▸ Work task: Find "Go to bitly.com" in the entries below; copy that line through the last, exactly, with no pictures.

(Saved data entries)
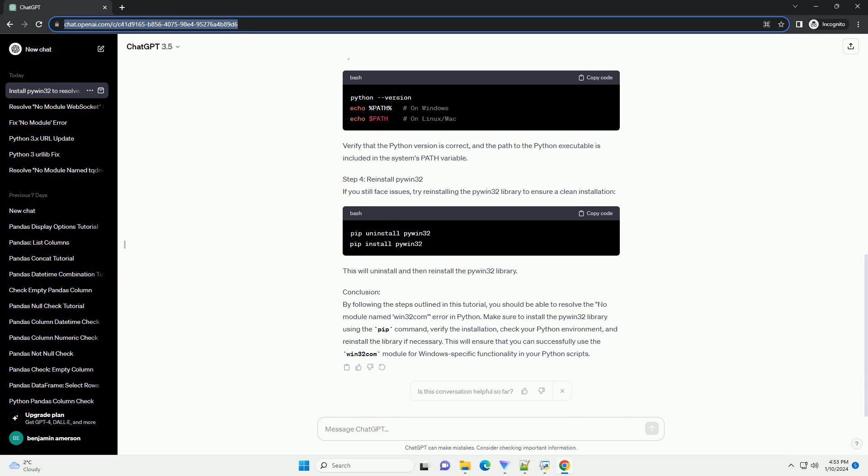Open your terminal or command prompt and use the following command. This command will download and install the PyWin32 library, which includes the Win32Com module.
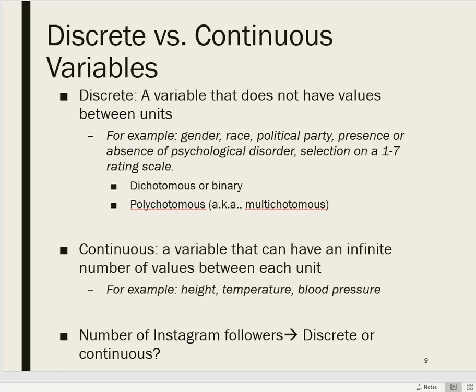Measures such as height, temperature, and blood pressure — in theory anyway, we're limited by the precision of how we can measure things, but in theory there's an infinite number of points between each point on those scales.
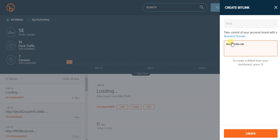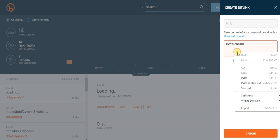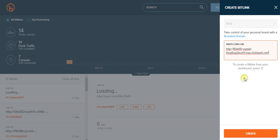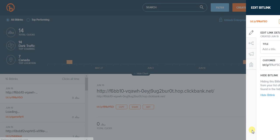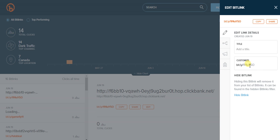Go to bitly.com and then click create Bitlink, paste in your URL, and then customize it.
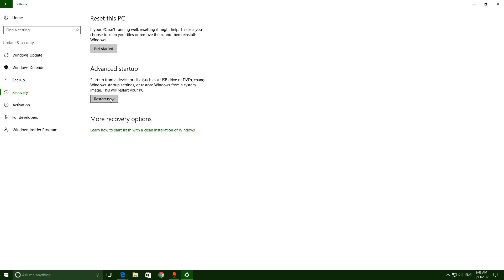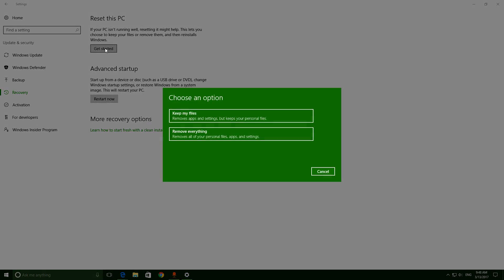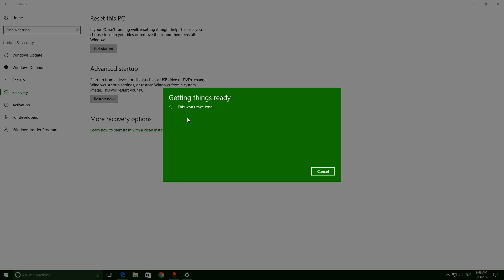If you want to copy or reset the system image, you can do that here. To reset, click Get Started. Now choose an option: if you want to delete all the files, you have that choice.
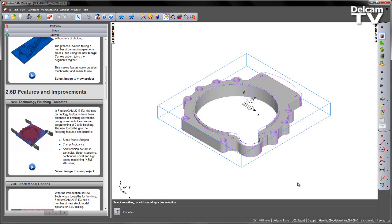New technology toolpaths have been steadily introduced into FeatureCam for 2.5D roughing. These new technology toolpaths have now been extended to work for finishing operations in FeatureCam 2013 R3. This gives more control and makes for easier programming of two-axis finishing operations.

▸ Worked solution:
Go to bitly.com and then click create Bitlink, paste in your URL, and then customize it.
If you want to copy or reset the system image, you can do that here. To reset, click Get Started. Now choose an option: if you want to delete all the files, you have that choice.
New technology toolpaths have been steadily introduced into FeatureCam for 2.5D roughing. These new technology toolpaths have now been extended to work for finishing operations in FeatureCam 2013 R3. This gives more control and makes for easier programming of two-axis finishing operations.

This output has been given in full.